▶ **YOUR ASSIGNMENT**
Return each line exactly, from the one that has "Vintage Nepali Tibetan" through the end of the entries, both ends included. Pictures do not belong.

Segment Start: RAW DATA

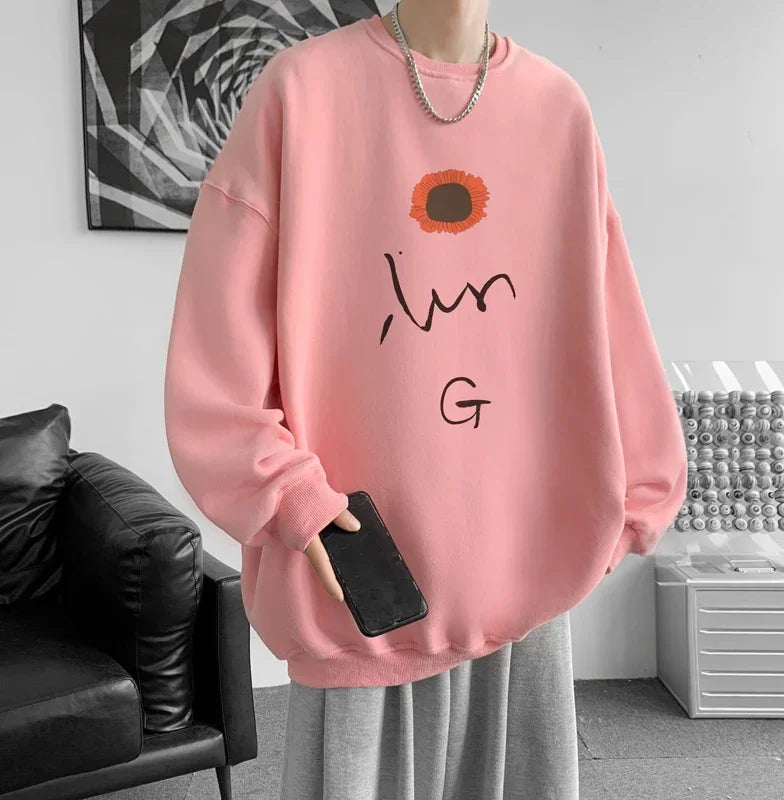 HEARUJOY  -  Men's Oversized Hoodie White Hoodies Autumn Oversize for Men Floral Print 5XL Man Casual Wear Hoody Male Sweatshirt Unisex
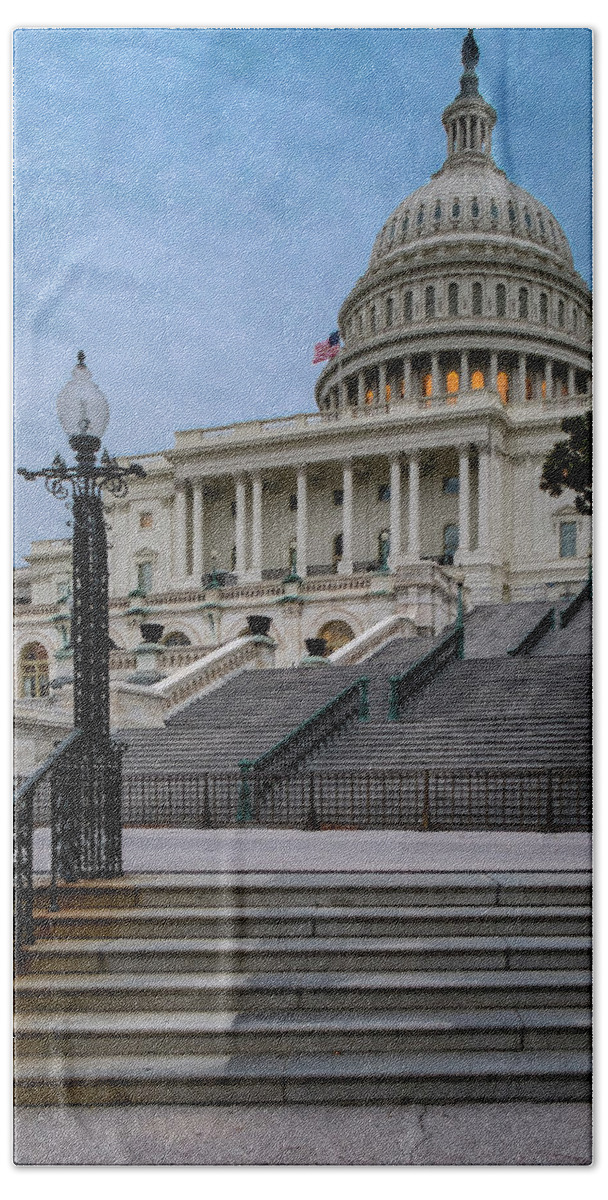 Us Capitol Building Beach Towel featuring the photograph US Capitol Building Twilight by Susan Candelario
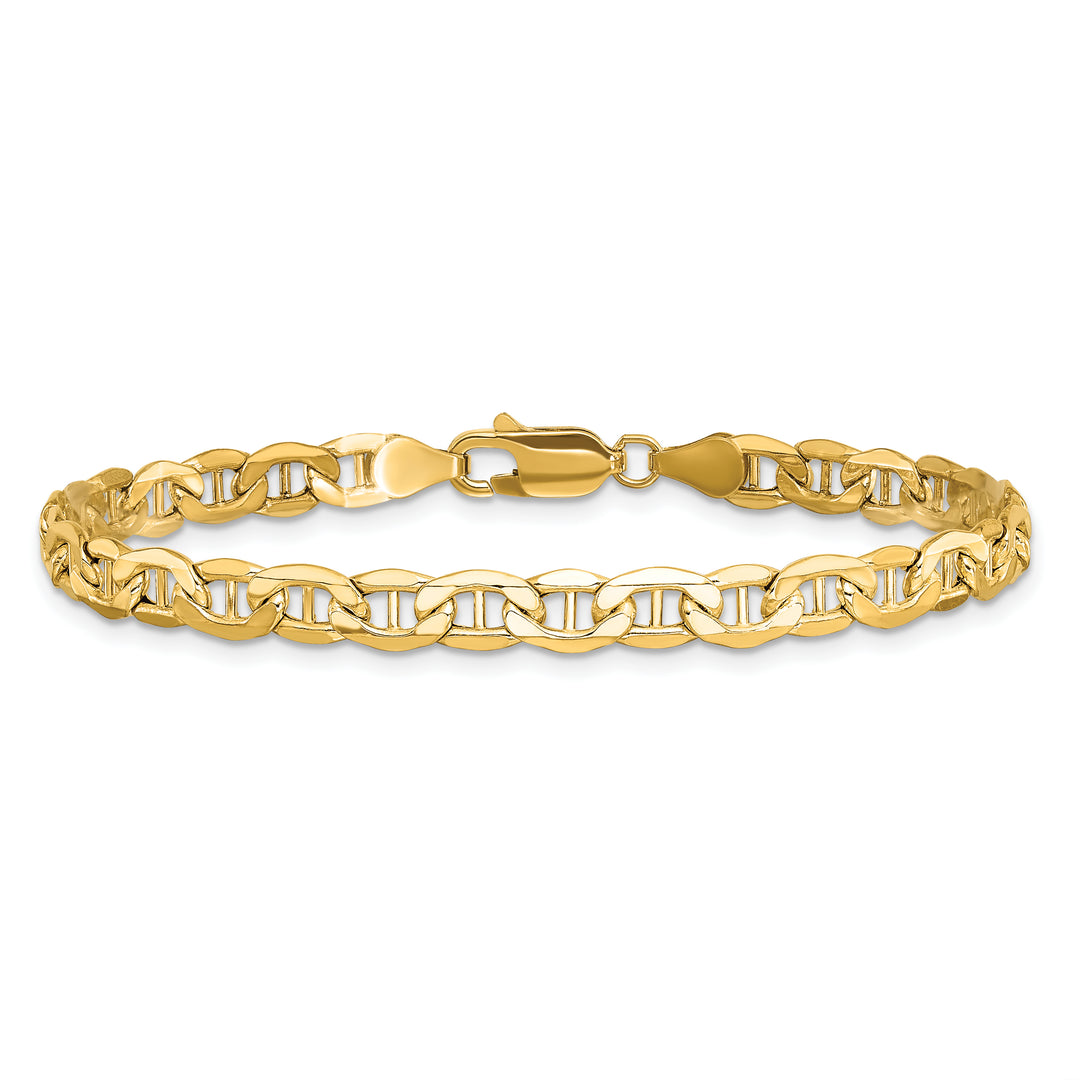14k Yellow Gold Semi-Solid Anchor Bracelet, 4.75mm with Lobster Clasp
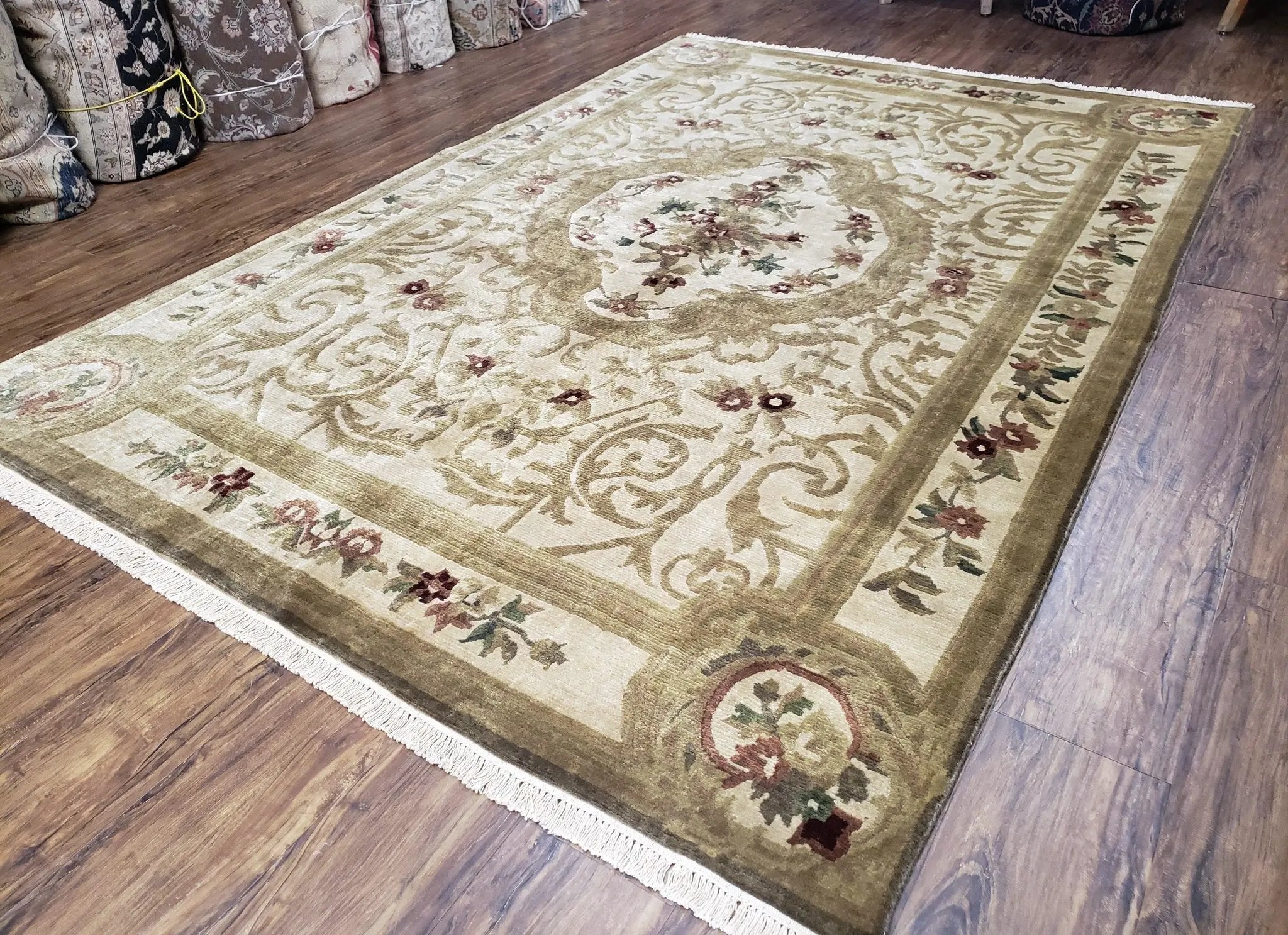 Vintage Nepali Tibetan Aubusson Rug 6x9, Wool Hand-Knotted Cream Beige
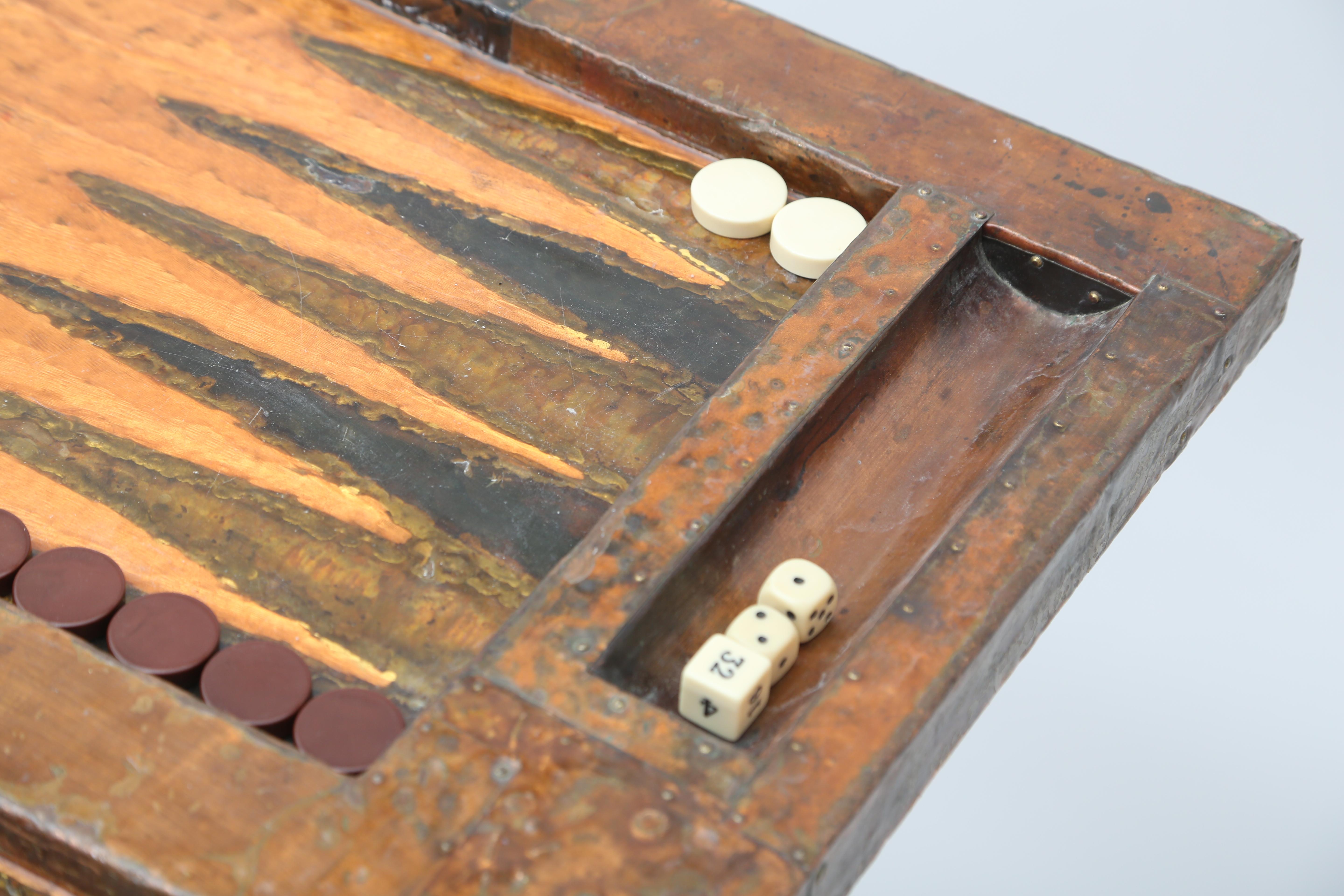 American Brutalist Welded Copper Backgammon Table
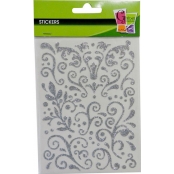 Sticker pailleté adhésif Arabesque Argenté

Segment End: RAW DATA

▶ **ANSWER**
 Vintage Nepali Tibetan Aubusson Rug 6x9, Wool Hand-Knotted Cream Beige
 American Brutalist Welded Copper Backgammon Table
 Sticker pailleté adhésif Arabesque Argenté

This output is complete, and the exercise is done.